Hebrew University of Jerusalem’s Prof. Hermona Soreq, a leading researcher in the field of gene expression in the brain, has made a significant breakthrough in the study of Alzheimer’s disease. The research explains why women experience more severe and faster dementia than men. It has long been known that women with Alzheimer’s disease suffer from accelerated dementia and the loss of cholinergic neurons compared to males. However, until now, the causes of this discrepancy have remained unknown. In a recently published article titled “Sex-specific declines in cholinergic-targeting tRNA fragments in the nucleus” in the Alzheimer’s & Dementia journal, Soreq and her colleagues at the Edmond & Lily Safra Center for Brain Sciences discovered a molecular mechanism that takes place in the brain of female Alzheimer’s patients.

The team discovered that a family of tiny RNA fragments has a direct relationship with the rate of disease development in women.
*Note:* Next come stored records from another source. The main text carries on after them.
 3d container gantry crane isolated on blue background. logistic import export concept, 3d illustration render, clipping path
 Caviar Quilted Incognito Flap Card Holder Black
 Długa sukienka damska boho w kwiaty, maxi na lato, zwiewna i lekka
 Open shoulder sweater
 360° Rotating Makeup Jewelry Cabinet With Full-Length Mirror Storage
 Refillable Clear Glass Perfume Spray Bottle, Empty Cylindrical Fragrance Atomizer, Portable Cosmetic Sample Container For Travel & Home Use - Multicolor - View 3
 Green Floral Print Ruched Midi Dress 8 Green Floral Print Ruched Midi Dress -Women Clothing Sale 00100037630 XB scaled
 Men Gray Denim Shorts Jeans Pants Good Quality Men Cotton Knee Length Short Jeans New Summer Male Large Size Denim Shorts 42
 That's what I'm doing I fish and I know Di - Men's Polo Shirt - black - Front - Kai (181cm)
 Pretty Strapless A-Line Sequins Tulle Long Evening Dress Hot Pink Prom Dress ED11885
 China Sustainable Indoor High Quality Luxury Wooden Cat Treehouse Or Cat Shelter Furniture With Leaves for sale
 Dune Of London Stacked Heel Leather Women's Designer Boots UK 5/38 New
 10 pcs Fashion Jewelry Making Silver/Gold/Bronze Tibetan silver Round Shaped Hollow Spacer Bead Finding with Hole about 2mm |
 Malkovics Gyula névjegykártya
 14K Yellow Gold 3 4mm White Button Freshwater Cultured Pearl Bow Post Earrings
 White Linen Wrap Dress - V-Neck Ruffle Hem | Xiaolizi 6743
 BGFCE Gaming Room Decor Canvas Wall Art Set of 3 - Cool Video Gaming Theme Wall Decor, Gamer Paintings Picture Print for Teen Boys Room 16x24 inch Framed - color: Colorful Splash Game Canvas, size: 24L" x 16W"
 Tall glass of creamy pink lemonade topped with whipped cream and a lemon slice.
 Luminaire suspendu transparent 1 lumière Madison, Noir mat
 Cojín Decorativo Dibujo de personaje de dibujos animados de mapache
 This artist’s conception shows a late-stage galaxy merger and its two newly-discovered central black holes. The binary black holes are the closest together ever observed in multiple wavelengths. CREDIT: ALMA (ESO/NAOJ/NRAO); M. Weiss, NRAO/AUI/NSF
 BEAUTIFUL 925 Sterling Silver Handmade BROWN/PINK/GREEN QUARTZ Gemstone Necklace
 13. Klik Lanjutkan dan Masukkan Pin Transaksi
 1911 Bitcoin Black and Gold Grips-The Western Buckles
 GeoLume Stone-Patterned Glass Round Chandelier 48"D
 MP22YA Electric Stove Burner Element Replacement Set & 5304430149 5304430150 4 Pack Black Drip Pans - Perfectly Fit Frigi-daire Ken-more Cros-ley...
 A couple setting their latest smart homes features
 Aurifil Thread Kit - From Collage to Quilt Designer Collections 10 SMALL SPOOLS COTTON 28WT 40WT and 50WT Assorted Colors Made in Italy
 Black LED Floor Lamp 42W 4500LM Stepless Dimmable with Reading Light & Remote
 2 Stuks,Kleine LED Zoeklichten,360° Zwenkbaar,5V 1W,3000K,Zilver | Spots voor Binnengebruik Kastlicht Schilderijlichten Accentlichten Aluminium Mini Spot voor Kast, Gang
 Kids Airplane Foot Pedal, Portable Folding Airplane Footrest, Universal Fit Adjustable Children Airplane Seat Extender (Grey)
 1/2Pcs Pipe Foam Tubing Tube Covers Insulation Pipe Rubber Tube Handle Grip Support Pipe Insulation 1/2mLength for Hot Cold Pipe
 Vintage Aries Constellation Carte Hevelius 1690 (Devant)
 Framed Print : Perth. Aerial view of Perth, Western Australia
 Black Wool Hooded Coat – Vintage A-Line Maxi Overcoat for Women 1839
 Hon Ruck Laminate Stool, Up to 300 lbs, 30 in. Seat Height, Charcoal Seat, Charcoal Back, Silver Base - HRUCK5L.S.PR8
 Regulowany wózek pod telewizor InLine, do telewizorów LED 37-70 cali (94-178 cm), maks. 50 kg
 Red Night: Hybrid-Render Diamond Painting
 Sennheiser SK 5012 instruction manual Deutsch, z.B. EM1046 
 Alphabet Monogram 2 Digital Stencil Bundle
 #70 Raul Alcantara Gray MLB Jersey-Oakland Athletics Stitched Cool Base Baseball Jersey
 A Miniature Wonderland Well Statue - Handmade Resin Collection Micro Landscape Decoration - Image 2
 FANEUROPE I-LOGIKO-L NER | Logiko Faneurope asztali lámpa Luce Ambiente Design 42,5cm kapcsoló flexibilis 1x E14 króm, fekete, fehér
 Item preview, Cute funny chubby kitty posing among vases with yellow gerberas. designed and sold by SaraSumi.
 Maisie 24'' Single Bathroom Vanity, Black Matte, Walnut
The researchers found that the reservoir of the brain’s fragments in the brain reflects a rapid development of cognitive impairment among women with Alzheimer’s, but it is not reflected in the brain structure of women. The study showed that the decline in the reservoir of RNA fragments in the brain leads to a speedup in the development of cognitive decline in females.

The study further revealed that the reservoirs of RNA fragments come from mitochondria, which are membrane-bound cell organelles that generate most of the chemical energy needed to power the cell’s biochemical reactions. Mitochondria are contributed by the mother. This discovery sheds new light on the control mechanisms for the development of Alzheimer’s among women and highlights the significant differences in the way dementia develops in women and the rapid decline in cognitive indicators.

Soreq believes that this discovery is an essential step towards finding a drug tailored to women who are ill. She explains that this is the first time they can provide a molecular explanation for the processes that happen in the brains of women and why the therapeutic protocol offered until now is not satisfactory. She hopes that it will lead to better medical care based on RNA-based treatments. With RNA-based treatments becoming practical after the COVID-19 pandemic, there is hope for better care for Alzheimer’s patients and their families worldwide.